Where Do Overseers Come From?

On the eve of a contested election for the governing board, looking under the hood of the nominating process

Photographs of Tracy P. Palandjian and Philip Lovejoy
Tracy P. Palandjian ’93, M.B.A. ’97, chair of the Harvard Alumni Association Committee to Nominate Overseers and Elected Directors, and Philip Lovejoy, HAA executive director
Photographs: Courtesy of Tracy P. Palandjian and Will Halsey/Courtesy of the Harvard Alumni Association

How are members of Harvard’s Board of Overseers chosen—and what do they do, once they are elected to the governing board? Those questions, of little general interest to most of the community most of the time, have suddenly become salient because for the second time since 2016, five candidates advocating action on a set of substantive issues have gained a place on the ballot via petition, joining the eight candidates nominated through the University’s formal committee process (read about the complete roster and background here).

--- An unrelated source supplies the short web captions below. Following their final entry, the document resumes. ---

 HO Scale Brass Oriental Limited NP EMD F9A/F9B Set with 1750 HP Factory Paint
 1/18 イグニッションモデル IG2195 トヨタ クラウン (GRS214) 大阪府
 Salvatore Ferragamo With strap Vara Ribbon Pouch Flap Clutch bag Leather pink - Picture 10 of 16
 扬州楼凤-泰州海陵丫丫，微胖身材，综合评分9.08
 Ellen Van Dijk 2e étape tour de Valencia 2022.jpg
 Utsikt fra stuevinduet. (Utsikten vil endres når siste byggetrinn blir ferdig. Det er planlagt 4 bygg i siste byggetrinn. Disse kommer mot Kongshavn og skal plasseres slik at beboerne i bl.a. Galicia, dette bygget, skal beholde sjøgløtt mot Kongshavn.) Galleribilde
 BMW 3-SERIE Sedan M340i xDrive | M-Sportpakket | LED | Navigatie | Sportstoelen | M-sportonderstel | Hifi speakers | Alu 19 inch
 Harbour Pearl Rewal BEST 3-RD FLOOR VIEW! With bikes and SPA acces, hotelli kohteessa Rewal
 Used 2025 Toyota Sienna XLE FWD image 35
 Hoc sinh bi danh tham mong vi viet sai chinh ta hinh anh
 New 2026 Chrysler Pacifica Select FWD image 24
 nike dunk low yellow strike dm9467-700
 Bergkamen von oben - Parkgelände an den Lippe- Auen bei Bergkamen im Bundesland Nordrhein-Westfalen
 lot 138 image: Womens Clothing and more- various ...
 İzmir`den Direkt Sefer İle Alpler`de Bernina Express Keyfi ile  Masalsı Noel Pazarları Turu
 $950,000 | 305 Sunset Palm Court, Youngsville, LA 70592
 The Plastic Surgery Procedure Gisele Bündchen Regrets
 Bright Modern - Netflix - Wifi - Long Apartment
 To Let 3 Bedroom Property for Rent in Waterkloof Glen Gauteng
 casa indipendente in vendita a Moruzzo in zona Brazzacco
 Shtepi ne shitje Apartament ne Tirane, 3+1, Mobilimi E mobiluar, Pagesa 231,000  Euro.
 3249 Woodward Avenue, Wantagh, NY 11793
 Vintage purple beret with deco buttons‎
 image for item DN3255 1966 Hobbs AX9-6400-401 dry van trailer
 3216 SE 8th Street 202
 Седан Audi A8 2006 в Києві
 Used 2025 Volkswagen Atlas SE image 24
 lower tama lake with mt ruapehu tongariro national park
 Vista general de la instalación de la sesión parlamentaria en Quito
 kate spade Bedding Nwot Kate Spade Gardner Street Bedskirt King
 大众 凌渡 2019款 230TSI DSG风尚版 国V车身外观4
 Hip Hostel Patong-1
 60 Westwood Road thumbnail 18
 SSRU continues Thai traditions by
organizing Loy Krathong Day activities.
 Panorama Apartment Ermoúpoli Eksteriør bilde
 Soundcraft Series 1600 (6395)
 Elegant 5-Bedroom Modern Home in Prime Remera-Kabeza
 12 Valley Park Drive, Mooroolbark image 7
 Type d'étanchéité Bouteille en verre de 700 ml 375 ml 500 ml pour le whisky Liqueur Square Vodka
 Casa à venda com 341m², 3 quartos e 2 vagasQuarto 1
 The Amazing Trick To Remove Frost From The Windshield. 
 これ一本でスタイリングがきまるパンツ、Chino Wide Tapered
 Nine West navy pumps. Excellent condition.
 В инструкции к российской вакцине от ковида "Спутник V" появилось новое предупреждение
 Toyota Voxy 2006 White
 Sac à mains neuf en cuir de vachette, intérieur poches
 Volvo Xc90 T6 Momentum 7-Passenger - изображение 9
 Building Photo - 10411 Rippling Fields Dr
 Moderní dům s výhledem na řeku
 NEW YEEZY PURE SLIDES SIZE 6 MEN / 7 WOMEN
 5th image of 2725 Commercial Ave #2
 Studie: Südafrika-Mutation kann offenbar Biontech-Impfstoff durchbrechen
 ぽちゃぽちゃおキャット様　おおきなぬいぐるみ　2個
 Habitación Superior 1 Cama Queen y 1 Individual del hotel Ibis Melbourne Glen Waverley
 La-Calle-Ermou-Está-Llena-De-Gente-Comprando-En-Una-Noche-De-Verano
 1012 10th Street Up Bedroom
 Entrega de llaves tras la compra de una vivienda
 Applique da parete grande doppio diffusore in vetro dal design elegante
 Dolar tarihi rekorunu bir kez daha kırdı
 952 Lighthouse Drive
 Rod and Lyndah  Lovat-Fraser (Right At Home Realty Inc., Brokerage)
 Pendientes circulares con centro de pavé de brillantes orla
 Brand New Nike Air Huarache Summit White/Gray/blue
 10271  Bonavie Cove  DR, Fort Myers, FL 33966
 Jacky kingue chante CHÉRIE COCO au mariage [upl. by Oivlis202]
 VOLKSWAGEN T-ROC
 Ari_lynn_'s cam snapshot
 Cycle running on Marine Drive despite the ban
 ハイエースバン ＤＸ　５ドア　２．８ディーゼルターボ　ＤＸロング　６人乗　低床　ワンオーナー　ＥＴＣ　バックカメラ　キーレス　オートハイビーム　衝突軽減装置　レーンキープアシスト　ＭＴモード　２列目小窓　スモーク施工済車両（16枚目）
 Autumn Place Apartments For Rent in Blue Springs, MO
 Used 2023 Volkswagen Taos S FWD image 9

Arithmetically, that means that 13 aspirants now seek the five openings on the 30-member board to be filled in this spring’s election, lending a liveliness to the contest. Programmatically and philosophically, it highlights important—and asymmetrical—views about Harvard governance, and the purposes and principles by which the place operates.

The Nominating Committee

As part of its constitution, said Harvard Alumni Association (HAA) executive director Philip Lovejoy in a recent conversation, the HAA has a Committee to Nominate Overseers and Elected Directors (of the association itself). The nominating committee, an HAA standing committee, has 15 members:

  • two nonvoting University officials (the Secretary to the Governing Boards—the Overseers and the Corporation; and the vice president for alumni affairs and development); and
  • a changing cohort of 13 appointees, serving three-year terms, who include three current or former Overseers, appointed by the president of the Board of Overseers, and 10 alumni, chosen by the HAA executive committee.

The current members are listed here. Lovejoy said that in making its appointments, the executive committee aims for a nominating committee with representation across schools, geographies, age (one member must be 10 years or fewer out of college, and one 15 years or fewer), and other diverse criteria. The intention, he said, is to craft a group that is “very collegial and collaborative—but not unwilling to challenge” fellow members’ ideas and assumptions.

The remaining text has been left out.